COX: Well, there is a lot of love in teabagging. You have to say that. And that was my favorite thing about the Ron Paul revolution. It had love in it, literally in the logo. You know, it is funny. They really did come up with the concept of the tea party. In 2007, actually, is when they started referring to some of their events as tea parties. It is curious, though, as you point out, they do not use the verb "teabag." It might be because they're less enthusiastic about teabagging than some of the more corporate conservatives who seem to have taken to it quite easily.
MADDOW: They, also, seemed like they had a habit of being good on the online machine. They said there's a lot of very savvy Web organizing so maybe occurred to them to Google the phrase.
COX: Perhaps. And also, you know, I was looking around on some of the Ron Paul Web sites today, some of the blogs from his supporters that are still out there, and a few of them have promoted these events, these current teabagging events. And it's fun if you read the comments - people mock them. These ardent Ron Paul supporters find this particular iteration of what had been, I think, a pretty good idea that one single money bomb event that they had on the anniversary of the Boston Tea Party to raise money for Dr. Paul is being somewhat perverted, I might say, by the current teabaggers.
MADDOW: Dr. Paul himself is going to be appearing at one of the teabagging events. He told the Star Telegram - he said, "These things are popping up spontaneously around the country."
I noticed even during the presidential campaign, I know, that he sort of disavowed the movement around himself even when it was so obviously about him. So, he never quite said, "I don't know who these people are," but he always sort of seemed like that. Is it possible we're seeing the same dynamic?

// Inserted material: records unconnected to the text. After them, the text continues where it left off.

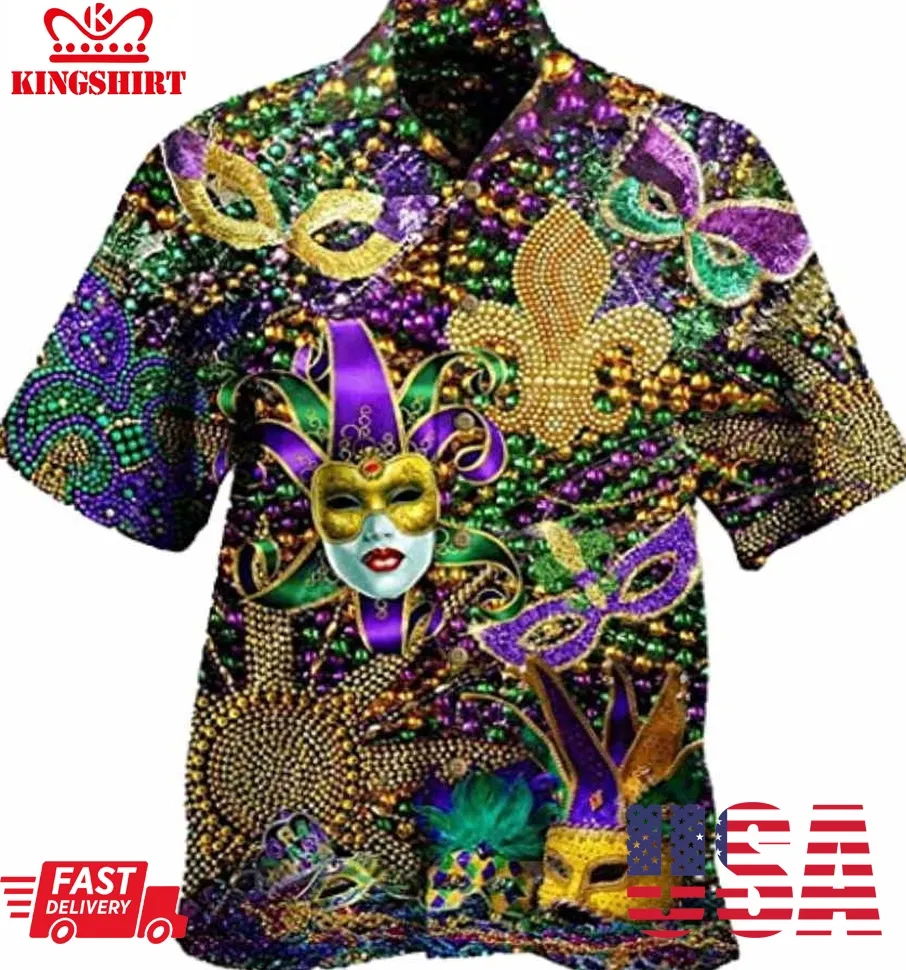 Happy Mardi Gras Hawaiian Shirt Unisex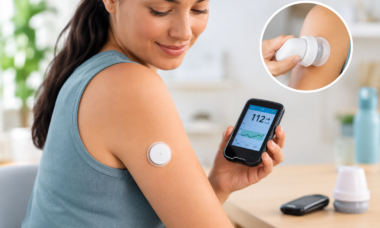 Mujer con sensor de glucosa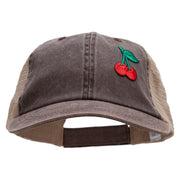 Double Cherries Fruit Patched Washed Trucker Cap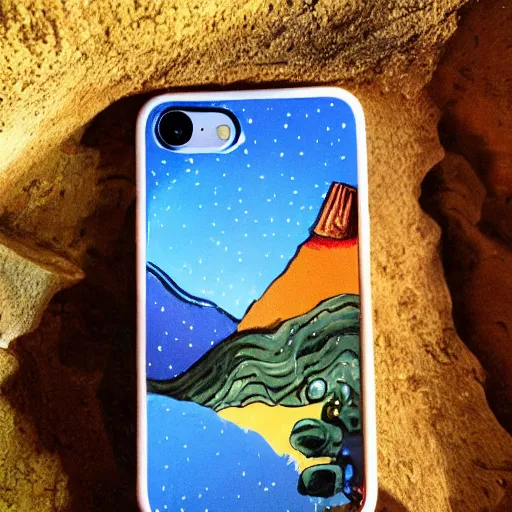 Image similar to cave paiting of an iPhone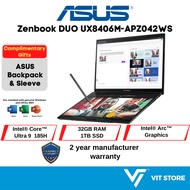 Asus Zenbook DUO UX8406M-APZ042WS Laptop Intel® Core™ Ultra 9  185H, 32GB, 1TB, Intel® Arc™ Graphics, 14" 3K, W11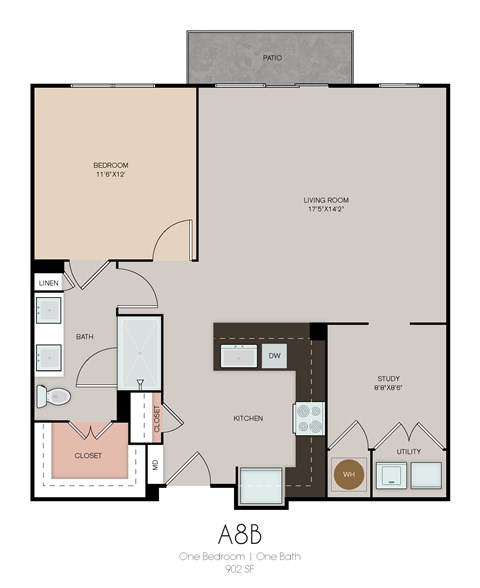Floor plan for 1 bed, 1 bath, 902 sqft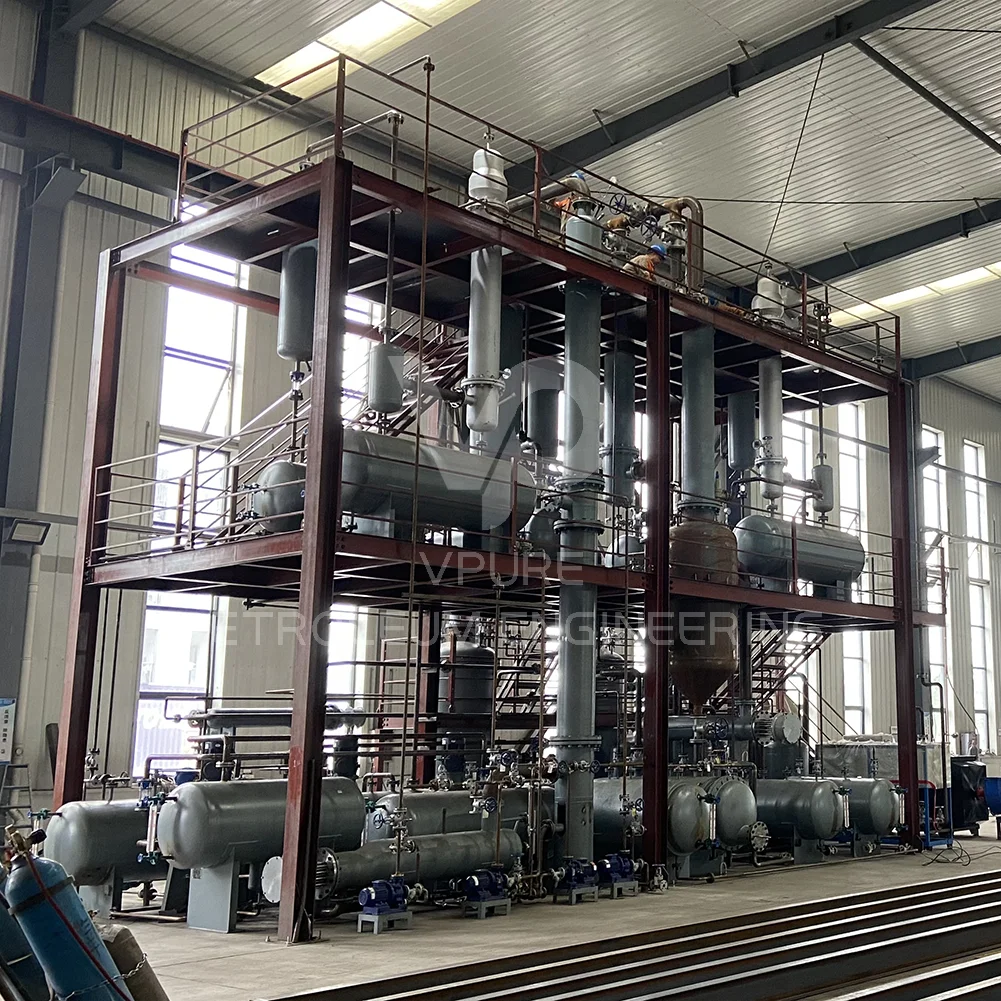  2~100 tons per day special design Used black motor oil refining to group II base recycling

COX: I think so. I'm not sure if Dr. Paul is as good on the Internets as perhaps his followers are. And he also may not know how to use Urban Dictionary. But, also, I want to point out some of the Ron Paul people that are going to these rallies and Dr. Paul himself, I think, do genuinely believe in whatever wacky ideas being supported here. I mean, it is hard for him to say what the idea is, as you point out, a sort of amorphous outrage. But the Ron Paul people are very anti- tax of any kind, so there you go.

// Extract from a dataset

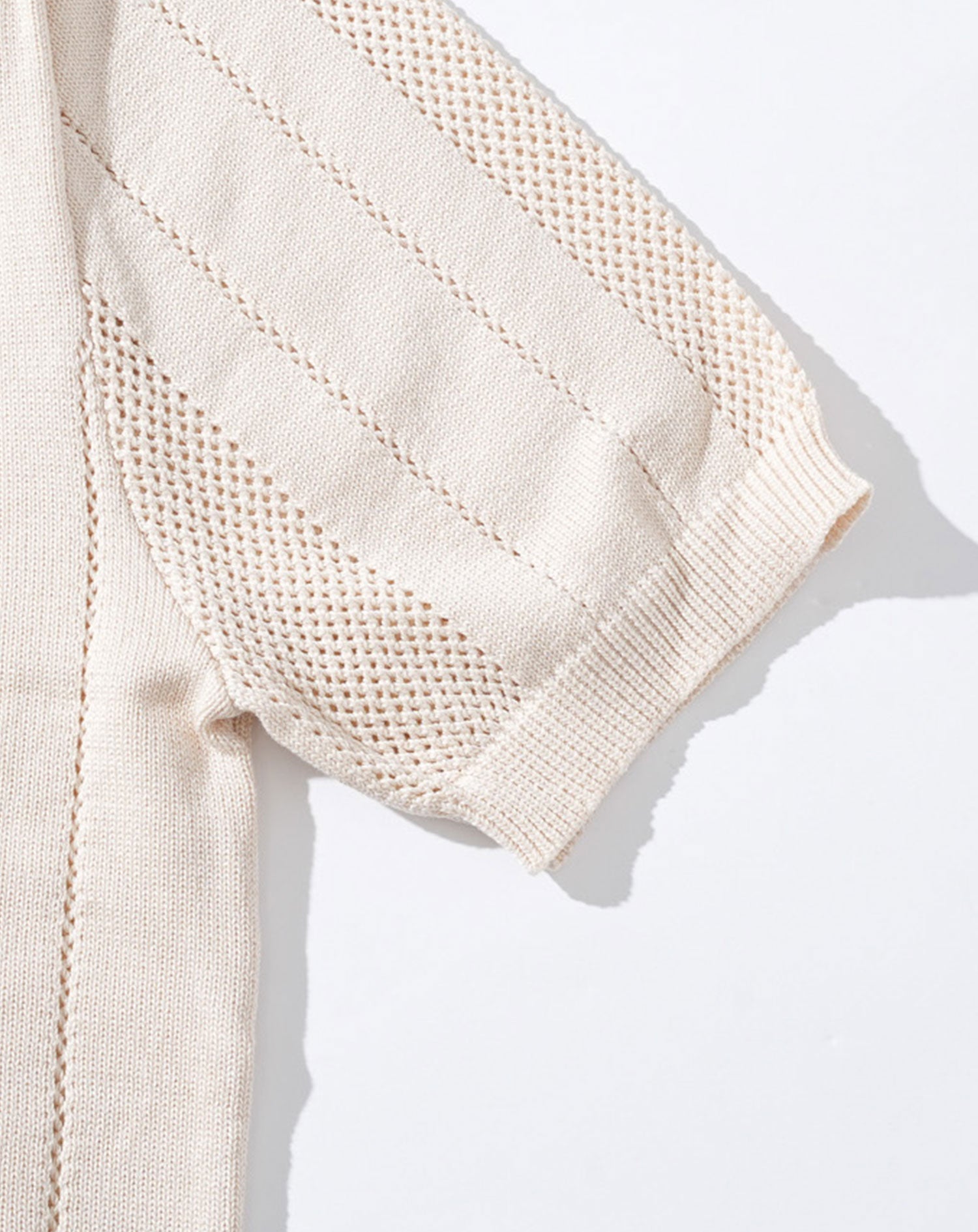 メッシュスキッパー半袖ニットポロシャツ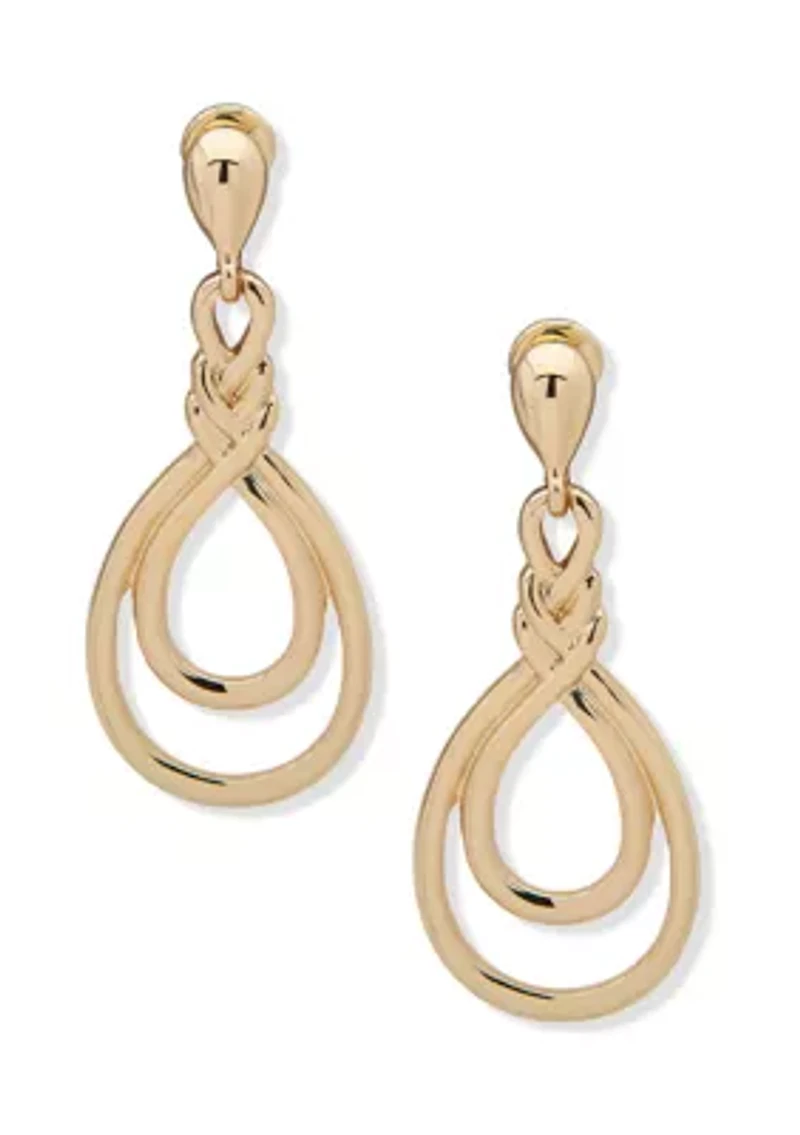 Gold Tone Metal Teardrop Linear Clip Earrings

MADDOW: That's a connection.
COX: That's their justification be for being there. That's all I can say.
MADDOW: Do you think that the Obama administration like Robert Gibbs in the press office will talk about and promote the teabagging folks the way they have picked on some other conservative causes and figures like Rush Limbaugh?
COX: Well, I have been waiting for Gibbs to talk about teabagging from the podium for a long time. And I'm sure there are other White House supporters who would also greatly look forward to him, explicating the White House's position on teabagging. However, I don't think that's going to happen partially because I think they also know how to use UrbanDictionary.com.

And based on that exchange, Rachel Maddow is the ideal person to define what is and what isn't a news organization, sarcasm not aside.